§ **YOUR GOAL**
Transcribe the line holding "Handpainted Mandala Art Wooden Keychain 58" together with every line after it, through the end of the records, exactly and with no pictures.

------------------------------------

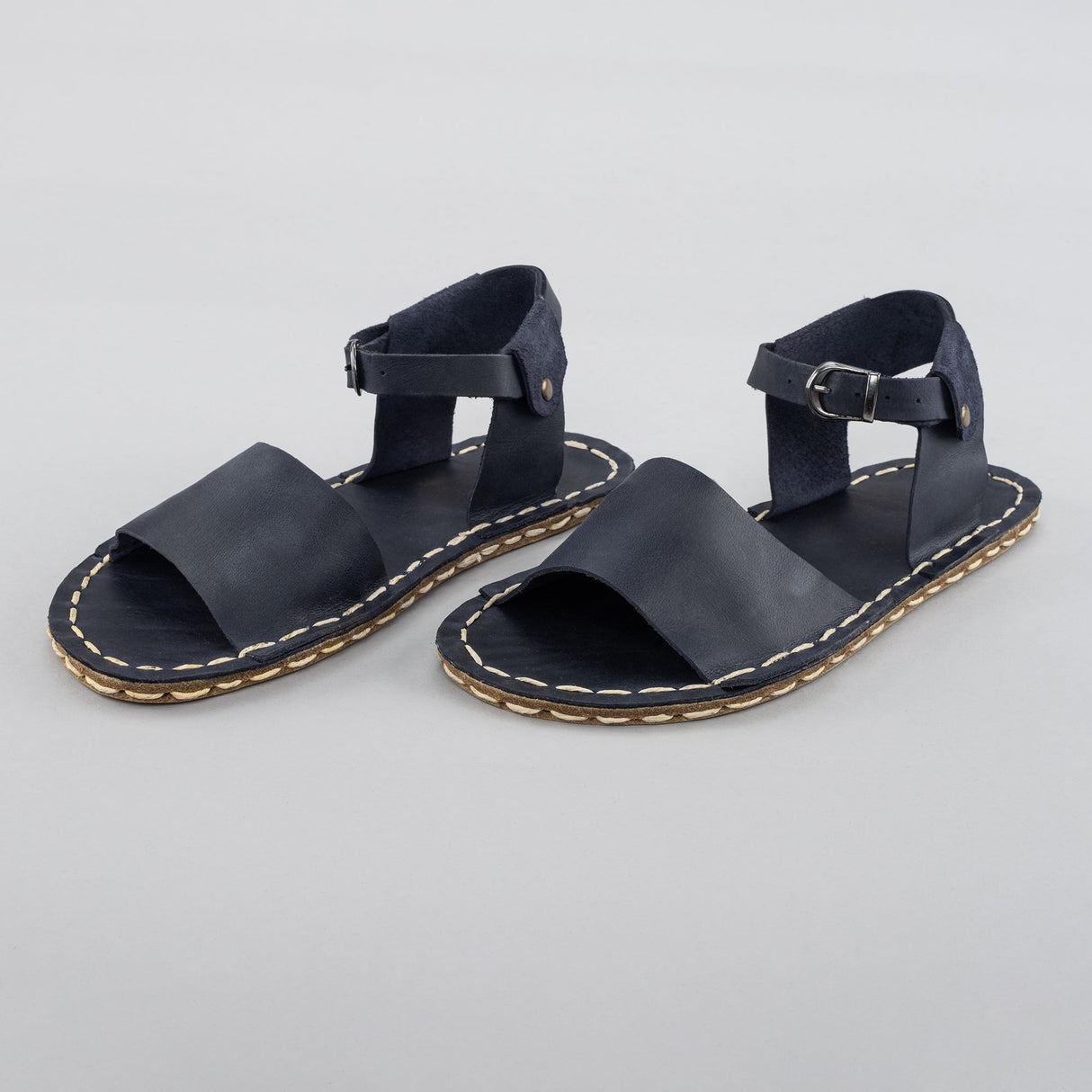 Blue Opened Toe Barefoot Sandals from Atlantis Handmade Shoes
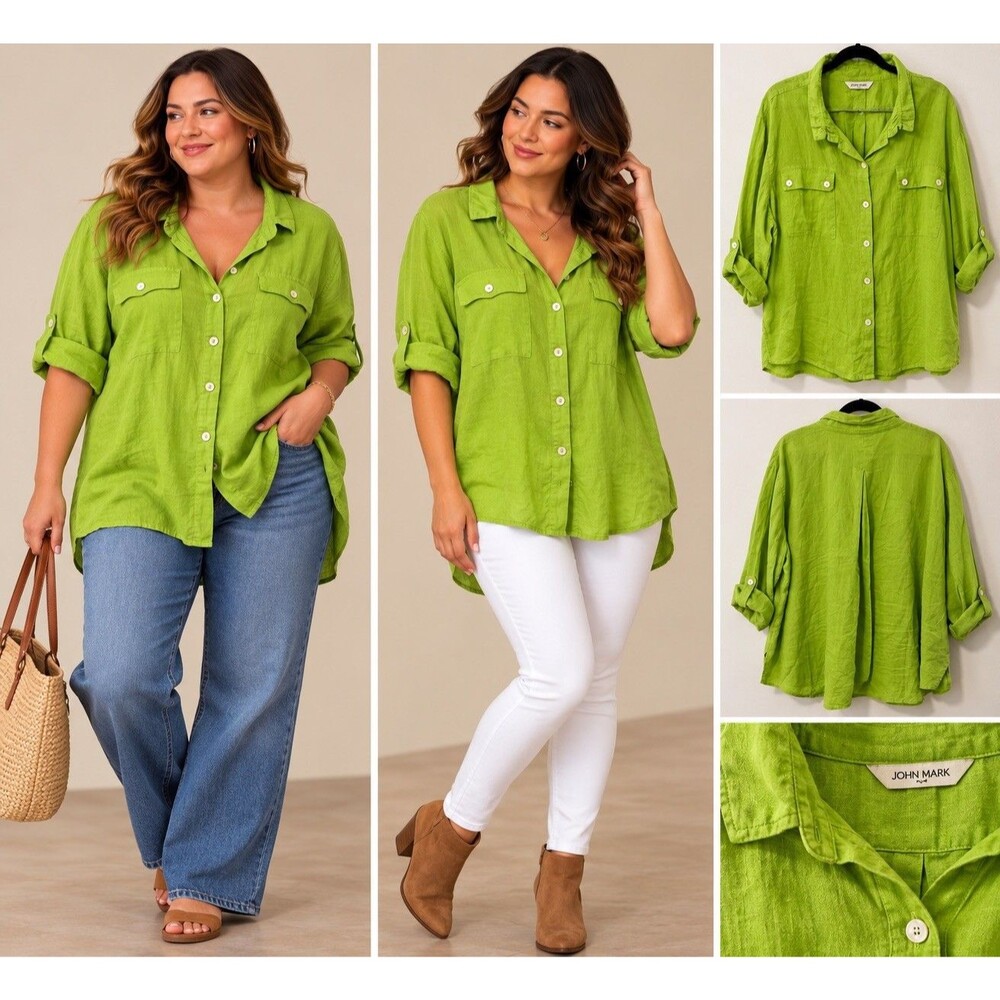 John Mark Shirt Womens Large Green Linen Button Front Wire Collar Tunic Top 3XL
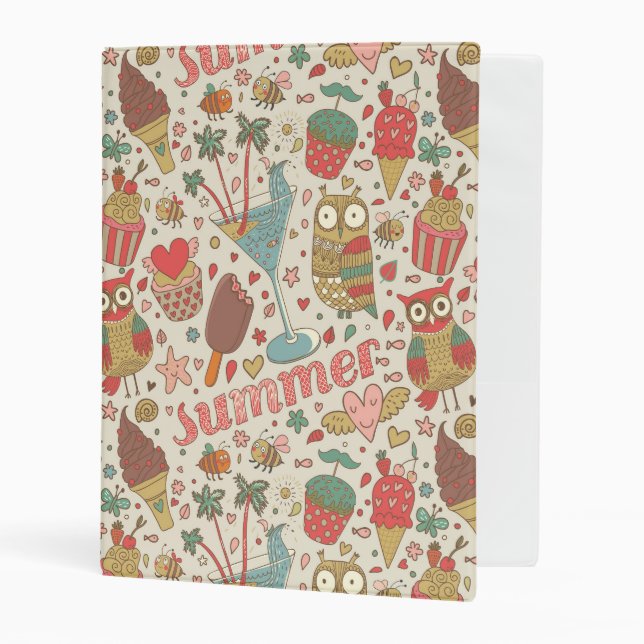 Summer Pattern With Ice Cream Mini Binder (Front/Inside)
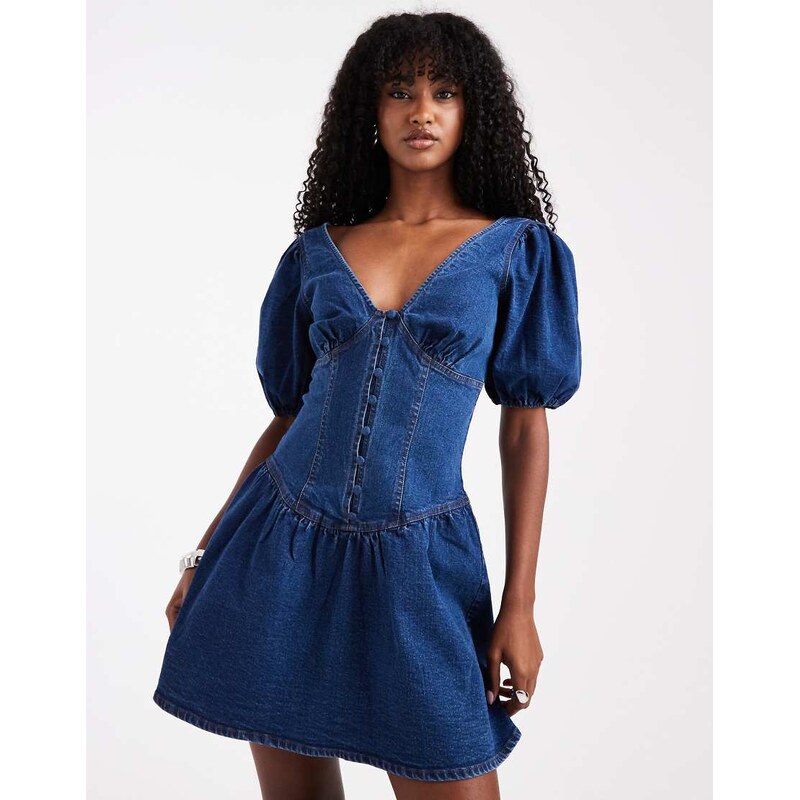 Miss Selfridge puff sleeve denim mini dress in indigo-Navy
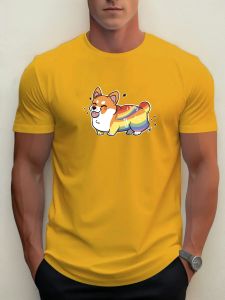 T Shirt For Mens Rainbow Corgi 100% Cotton Graphic Print Summer Round Neck Tee Casual Breathable Streetstyle Daily Cool T Shirt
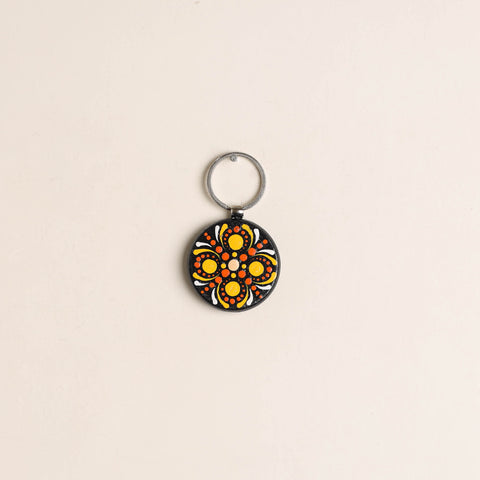 Handpainted Mandala Art Wooden Keychain 58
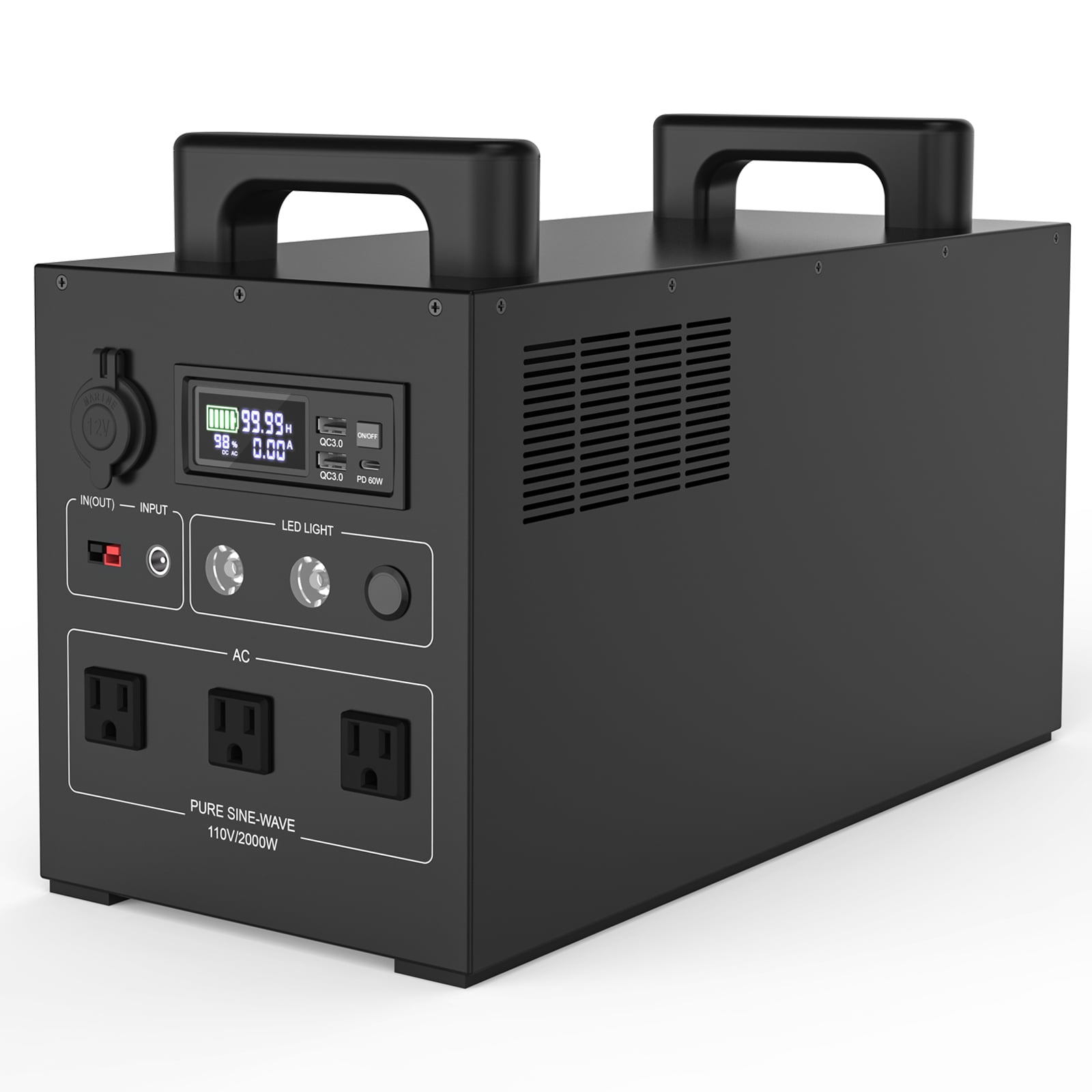 Newpowa Portable Solar Generator 700W Backup Lithium Battery Power Station,  537Wh LiFePo4 Powerbank AC 120V Outlet DC Wireless Charging, Pure Sine
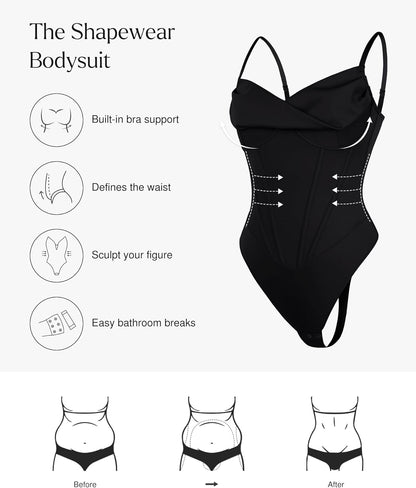 Cowl neck corset bodysuit tummy control shapewear front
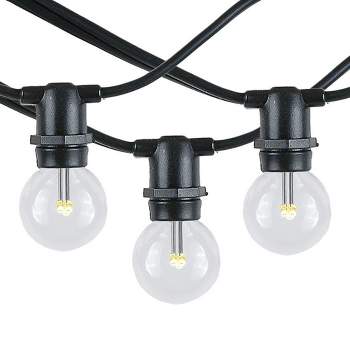 Novelty Lights Globe Outdoor String Lights with 100 Bulbs G30 Vintage Bulbs Black Wire 100 Feet
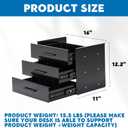 Menkxi 16 inch Under Desk Drawer Storage Pull out Storage Organizer Mounted Metal Sliding Hidden Under Counter Drawer Vertically Stacked for Office Sit Stand Workstation(Black,3 Layer)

------------------------------------

§ **ANSWER**
 Handpainted Mandala Art Wooden Keychain 58
 Newpowa Portable Solar Generator 700W Backup Lithium Battery Power Station,  537Wh LiFePo4 Powerbank AC 120V Outlet DC Wireless Charging, Pure Sine
 Cowl neck corset bodysuit tummy control shapewear front
 Novelty Lights Globe Outdoor String Lights with 100 Bulbs G30 Vintage Bulbs Black Wire 100 Feet
 Menkxi 16 inch Under Desk Drawer Storage Pull out Storage Organizer Mounted Metal Sliding Hidden Under Counter Drawer Vertically Stacked for Office Sit Stand Workstation(Black,3 Layer)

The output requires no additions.